▶ Work instructions:
Retype every line from the start of the data down to and including the line with "Intrare GRATUITĂ pentru". Skip the pictures.

▶ Data shown:
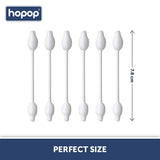 Hopop Baby Cotton Buds Safety Tips 55 Pcs – White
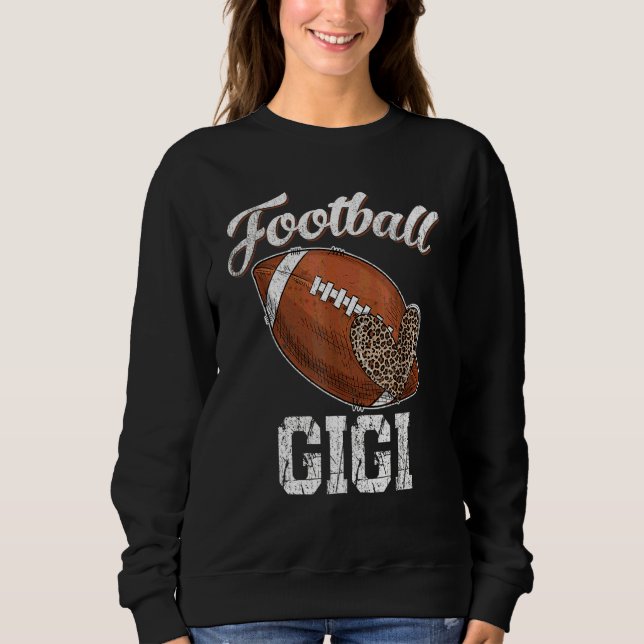 Fußball Gigi Leopard Ball Muttertag Sweatshirt (Vorderseite)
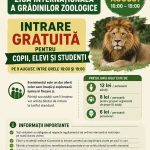  Intrare GRATUITĂ pentru copii, elevi și studenți, de Ziua Internațională a Grădinilor Zoologice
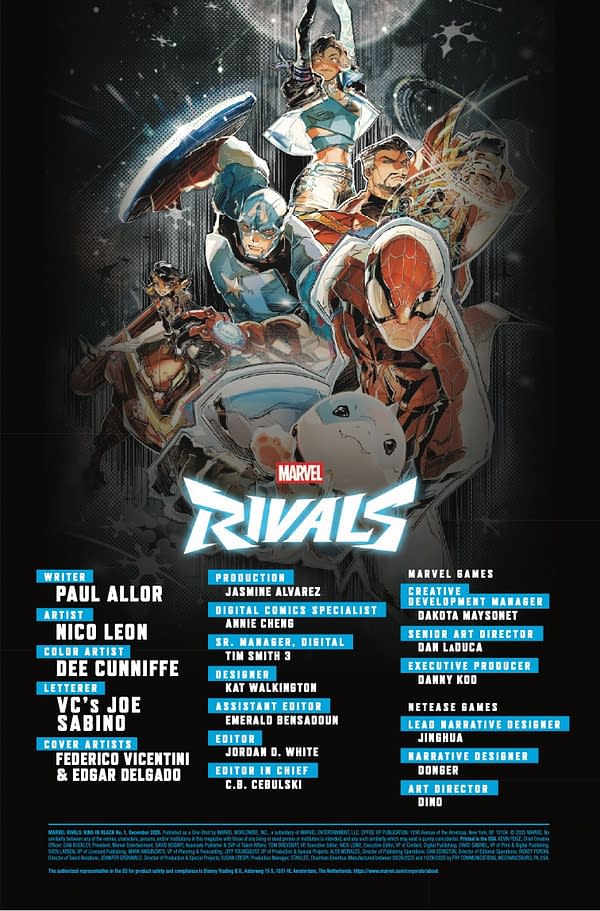 Interior preview page from MARVEL RIVALS: KING IN BLACK #1 FEDERICO VICENTINI COVER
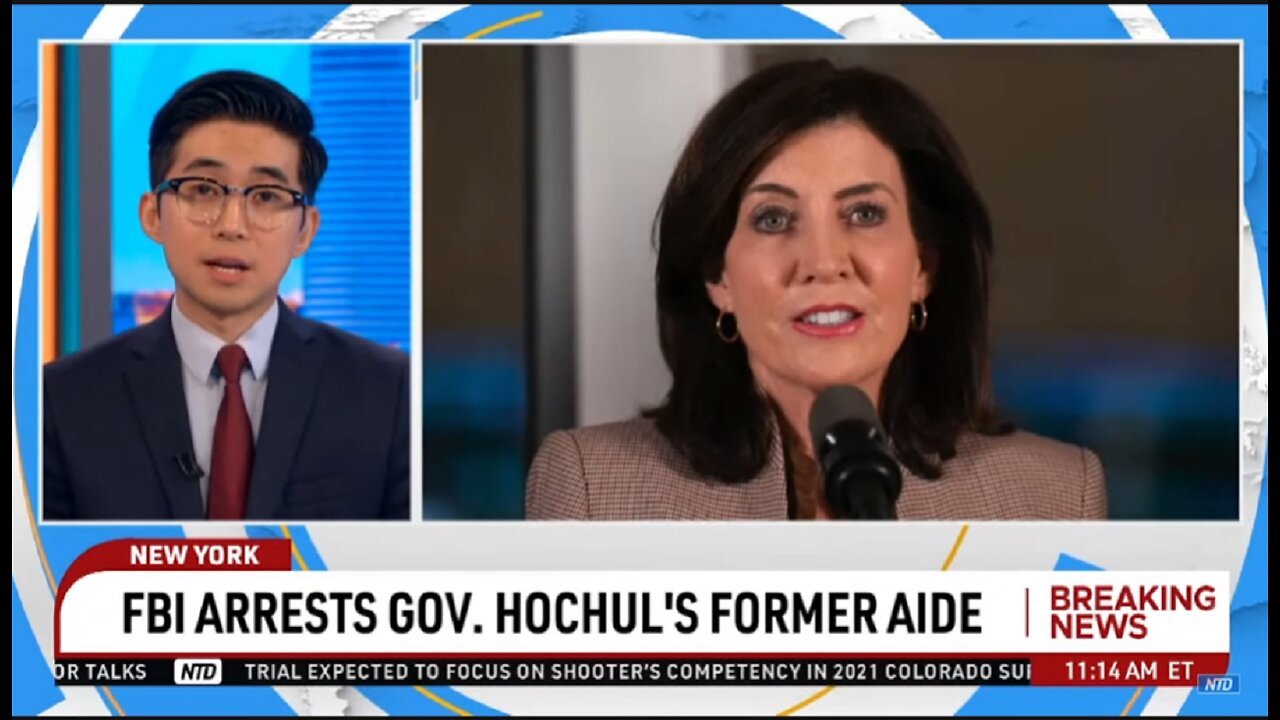 FBI ARRESTS GOV HOCHUL'S FORMER AIDE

▶ Response to the task:
 Hopop Baby Cotton Buds Safety Tips 55 Pcs – White
 Fußball Gigi Leopard Ball Muttertag Sweatshirt (Vorderseite)
  Intrare GRATUITĂ pentru copii, elevi și studenți, de Ziua Internațională a Grădinilor Zoologice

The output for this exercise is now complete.